Data entries
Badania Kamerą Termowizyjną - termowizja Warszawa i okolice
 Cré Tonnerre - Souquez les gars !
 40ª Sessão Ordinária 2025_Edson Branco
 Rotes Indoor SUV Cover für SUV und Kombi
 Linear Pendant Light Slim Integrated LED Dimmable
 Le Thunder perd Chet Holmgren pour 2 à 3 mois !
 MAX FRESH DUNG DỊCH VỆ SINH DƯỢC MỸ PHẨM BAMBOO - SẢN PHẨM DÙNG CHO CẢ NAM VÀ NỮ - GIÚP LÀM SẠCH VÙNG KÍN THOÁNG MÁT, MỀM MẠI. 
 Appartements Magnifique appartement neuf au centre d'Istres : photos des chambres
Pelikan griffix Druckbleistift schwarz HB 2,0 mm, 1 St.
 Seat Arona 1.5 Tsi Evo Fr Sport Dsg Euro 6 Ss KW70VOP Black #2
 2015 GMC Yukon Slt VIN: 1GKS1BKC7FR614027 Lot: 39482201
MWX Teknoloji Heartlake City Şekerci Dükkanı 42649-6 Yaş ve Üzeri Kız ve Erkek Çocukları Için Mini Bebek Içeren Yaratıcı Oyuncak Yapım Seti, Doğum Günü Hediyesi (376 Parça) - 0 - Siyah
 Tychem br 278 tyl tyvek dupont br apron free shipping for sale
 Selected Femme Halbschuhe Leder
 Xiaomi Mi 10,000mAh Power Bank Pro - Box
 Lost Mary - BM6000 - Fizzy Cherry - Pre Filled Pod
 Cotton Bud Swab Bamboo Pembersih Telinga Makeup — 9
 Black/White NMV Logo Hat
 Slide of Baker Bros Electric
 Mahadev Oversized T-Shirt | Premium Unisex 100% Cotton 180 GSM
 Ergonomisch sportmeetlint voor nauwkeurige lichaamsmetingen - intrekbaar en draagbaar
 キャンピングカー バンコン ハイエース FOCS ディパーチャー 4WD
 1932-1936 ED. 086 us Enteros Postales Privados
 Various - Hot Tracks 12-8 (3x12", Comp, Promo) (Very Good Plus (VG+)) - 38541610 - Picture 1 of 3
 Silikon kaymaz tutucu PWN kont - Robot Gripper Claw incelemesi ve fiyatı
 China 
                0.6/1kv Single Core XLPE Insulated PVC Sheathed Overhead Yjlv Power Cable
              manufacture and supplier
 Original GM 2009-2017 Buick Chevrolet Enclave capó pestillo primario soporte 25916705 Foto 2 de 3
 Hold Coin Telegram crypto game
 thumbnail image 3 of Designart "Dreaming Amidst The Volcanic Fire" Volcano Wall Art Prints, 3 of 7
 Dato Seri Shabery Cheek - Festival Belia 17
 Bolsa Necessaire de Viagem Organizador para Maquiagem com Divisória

> WORK REQUEST
Copy each line of the data above without altering a single character.

> EXERCISE SOLUTION
Badania Kamerą Termowizyjną - termowizja Warszawa i okolice
 Cré Tonnerre - Souquez les gars !
 40ª Sessão Ordinária 2025_Edson Branco
 Rotes Indoor SUV Cover für SUV und Kombi
 Linear Pendant Light Slim Integrated LED Dimmable
 Le Thunder perd Chet Holmgren pour 2 à 3 mois !
 MAX FRESH DUNG DỊCH VỆ SINH DƯỢC MỸ PHẨM BAMBOO - SẢN PHẨM DÙNG CHO CẢ NAM VÀ NỮ - GIÚP LÀM SẠCH VÙNG KÍN THOÁNG MÁT, MỀM MẠI. 
 Appartements Magnifique appartement neuf au centre d'Istres : photos des chambres
Pelikan griffix Druckbleistift schwarz HB 2,0 mm, 1 St.
 Seat Arona 1.5 Tsi Evo Fr Sport Dsg Euro 6 Ss KW70VOP Black #2
 2015 GMC Yukon Slt VIN: 1GKS1BKC7FR614027 Lot: 39482201
MWX Teknoloji Heartlake City Şekerci Dükkanı 42649-6 Yaş ve Üzeri Kız ve Erkek Çocukları Için Mini Bebek Içeren Yaratıcı Oyuncak Yapım Seti, Doğum Günü Hediyesi (376 Parça) - 0 - Siyah
 Tychem br 278 tyl tyvek dupont br apron free shipping for sale
 Selected Femme Halbschuhe Leder
 Xiaomi Mi 10,000mAh Power Bank Pro - Box
 Lost Mary - BM6000 - Fizzy Cherry - Pre Filled Pod
 Cotton Bud Swab Bamboo Pembersih Telinga Makeup — 9
 Black/White NMV Logo Hat
 Slide of Baker Bros Electric
 Mahadev Oversized T-Shirt | Premium Unisex 100% Cotton 180 GSM
 Ergonomisch sportmeetlint voor nauwkeurige lichaamsmetingen - intrekbaar en draagbaar
 キャンピングカー バンコン ハイエース FOCS ディパーチャー 4WD
 1932-1936 ED. 086 us Enteros Postales Privados
 Various - Hot Tracks 12-8 (3x12", Comp, Promo) (Very Good Plus (VG+)) - 38541610 - Picture 1 of 3
 Silikon kaymaz tutucu PWN kont - Robot Gripper Claw incelemesi ve fiyatı
 China 
                0.6/1kv Single Core XLPE Insulated PVC Sheathed Overhead Yjlv Power Cable
              manufacture and supplier
 Original GM 2009-2017 Buick Chevrolet Enclave capó pestillo primario soporte 25916705 Foto 2 de 3
 Hold Coin Telegram crypto game
 thumbnail image 3 of Designart "Dreaming Amidst The Volcanic Fire" Volcano Wall Art Prints, 3 of 7
 Dato Seri Shabery Cheek - Festival Belia 17
 Bolsa Necessaire de Viagem Organizador para Maquiagem com Divisória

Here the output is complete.